Based on patient age and fracture type, different surgical methods can be selected for femoral neck fracture, including cannulated screw fixation of the femoral neck and artificial total hip joint or semi-hip joint replacement[9]. This patient had underlying poliomyelitis, and his left hip joint had limited daily activity. Poliomyelitis leads to poor hip muscle strength, and thus the strategy of closed reduction and cannulated screw placement was adopted. However, the screw placement was difficult due to osteoporosis. Less intraoperative fluoroscopy was performed, leading to excessively deep insertion of the screw. The cannulated screw penetrated the femoral head and the ipsilateral acetabulum, and it was difficult to unscrew directly by reverse rotation because of no bone or thread friction. The Stoppa approach[10] and ilioinguinal approach can be used for treatment of acetabular fractures. Surgery can reach the top of the acetabulum and remove the cannulated screw. However, there is major surgical trauma for patients. The tool made of the thickest steel sternal wire, with a small bend at its head, facilitated rotation of the screwdriver to remove the cannulated screw, which avoided cutting via the ilioinguinal approach[11] or Stoppa approach to remove the overly deep-positioned screw. Regarding its usage, a guide pin was put on the screwdriver to reach the fracture before inserting the cannulated screw, and the scale of the screwdriver and the mark at its interface with the skin were observed. After the cannulated screw was inserted, the depth was determined by fluoroscopy when the mark on the skin and the scale of the original measuring screwdriver were aligned (Figure 3), reducing intraoperative fluoroscopy and surgical time and enhancing the safety of screw positioning.
Figure 3

Process of removing the overly deep-placed cannulated screw and the use of the improved screwdriver for cannulated screws. A: Inserting the excessively deep-placed screw; B: Using the self-made tool of steel sternal wire with bending and illustration for removal; C: Depth positioning using the scaled screwdriver before inserting the screw; D: Inserting the cannulated screw into the previously determined position with the scaled screwdriver.

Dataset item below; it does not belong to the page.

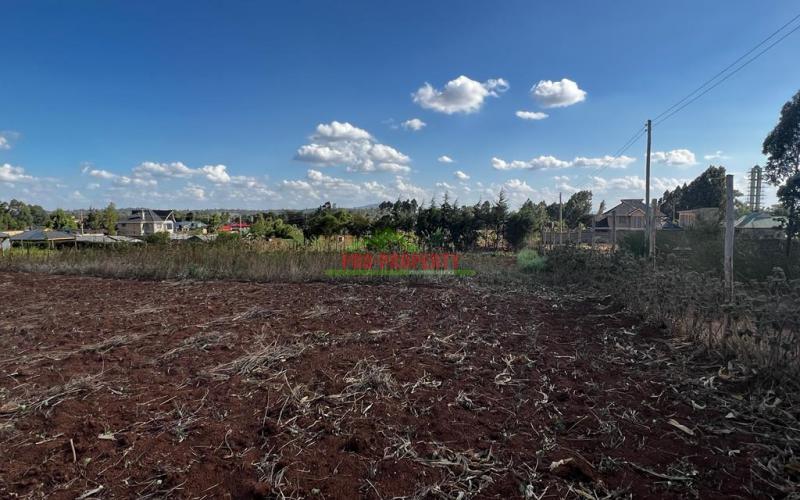 100 By 100 Fts Prime Residential Plot For Sale In Kikuyu ,kamangu.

Process of removing the overly deep-placed cannulated screw and the use of the improved screwdriver for cannulated screws. A: Inserting the excessively deep-placed screw; B: Using the self-made tool of steel sternal wire with bending and illustration for removal; C: Depth positioning using the scaled screwdriver before inserting the screw; D: Inserting the cannulated screw into the previously determined position with the scaled screwdriver.

CONCLUSION

The depth of the cannulated screw can be estimated before screw placement using an improved hollow screwdriver with a scale mark.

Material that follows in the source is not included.